Problem requirements - Without including any picture, write out the entries exactly as they stand.

Records excerpted from a collection
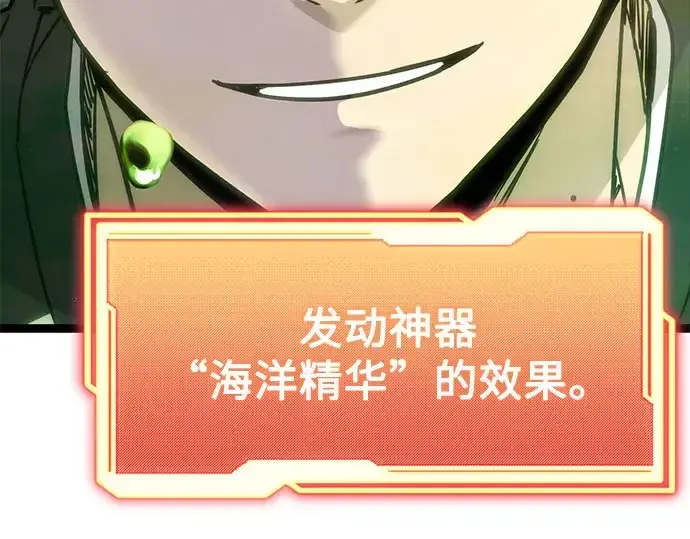 漫画《入手神话级专属装备》第175话第215张图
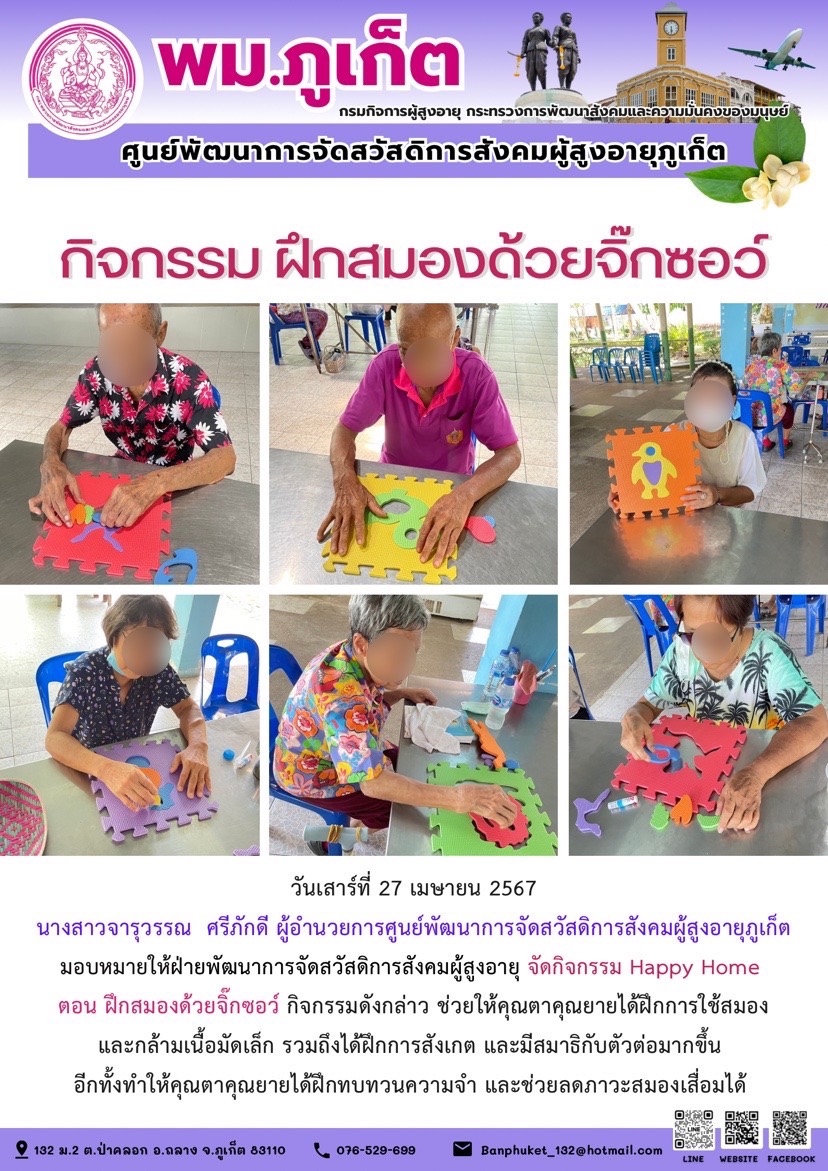 กิจกรรม ฝึกสมองด้วยจิ๊กซอว์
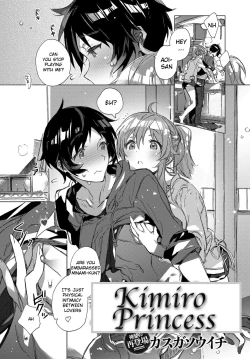Page 1 of Kimiro Princess | Kimiiro purinsesu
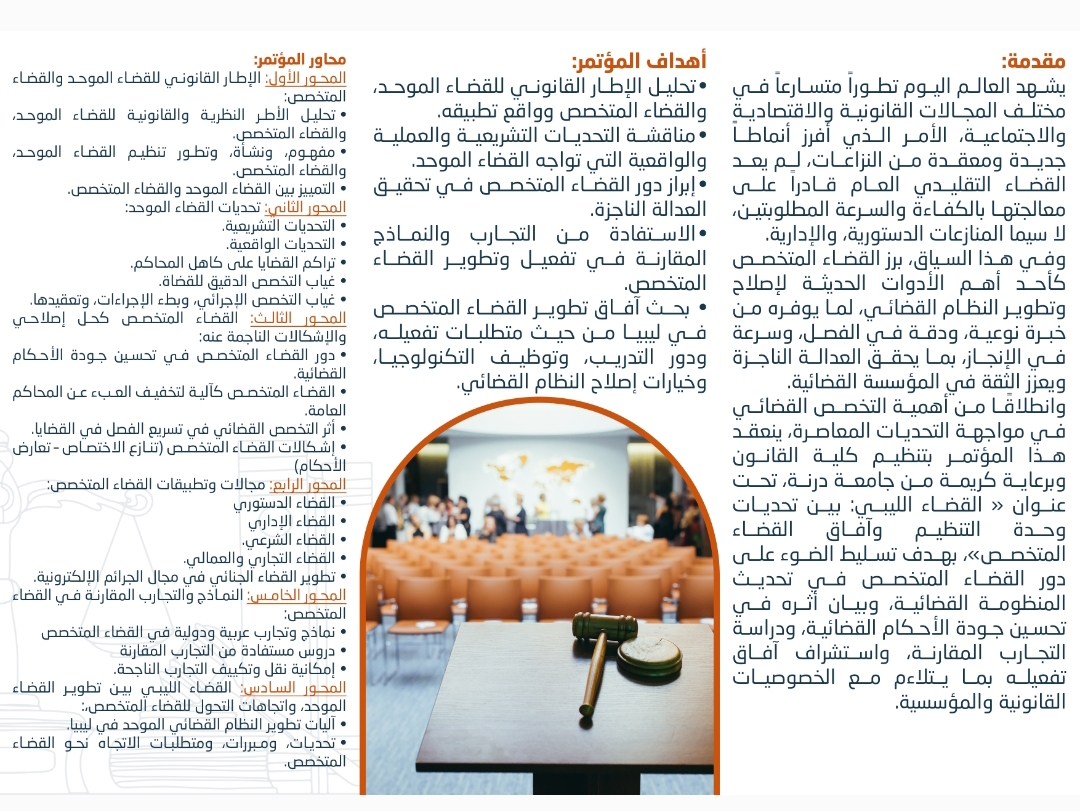 الإعلان عن المؤتمر الدولي الثاني لكلية القانون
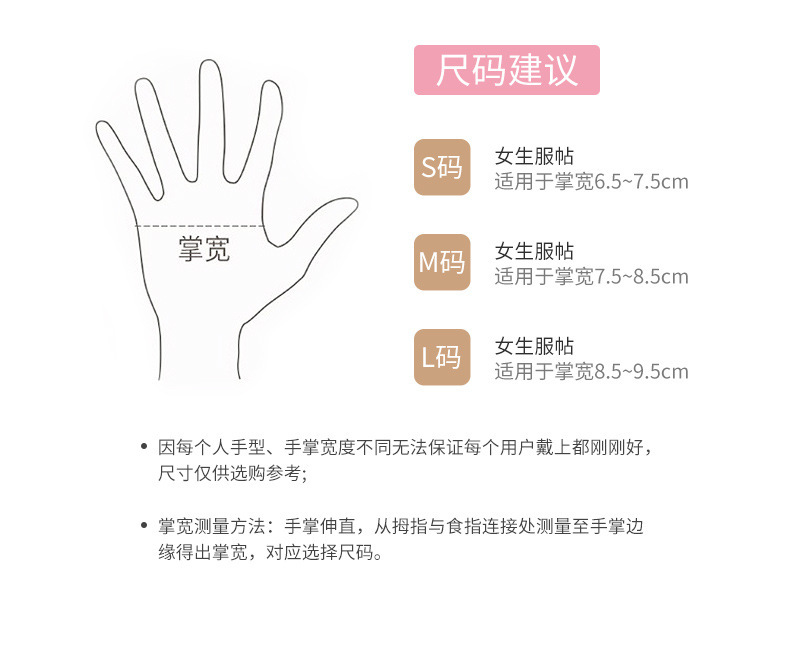 丁腈防护手套厨房家务洗碗做饭清洁洗衣服家用耐用橡胶手套防水详情12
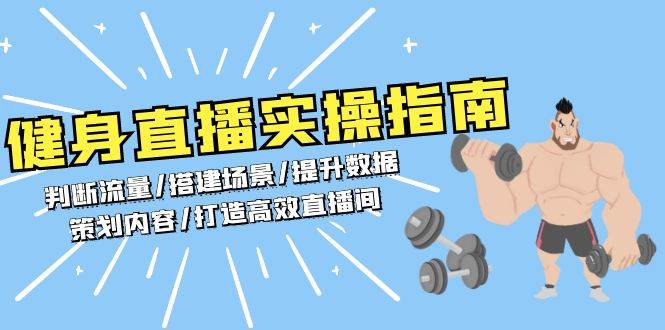 健身直播实操指南：判断流量/搭建场景/提升数据/策划内容/打造高效直播间-云库资源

The answer -
 漫画《入手神话级专属装备》第175话第215张图
 กิจกรรม ฝึกสมองด้วยจิ๊กซอว์
Page 1 of Kimiro Princess | Kimiiro purinsesu
 الإعلان عن المؤتمر الدولي الثاني لكلية القانون
 丁腈防护手套厨房家务洗碗做饭清洁洗衣服家用耐用橡胶手套防水详情12
 健身直播实操指南：判断流量/搭建场景/提升数据/策划内容/打造高效直播间-云库资源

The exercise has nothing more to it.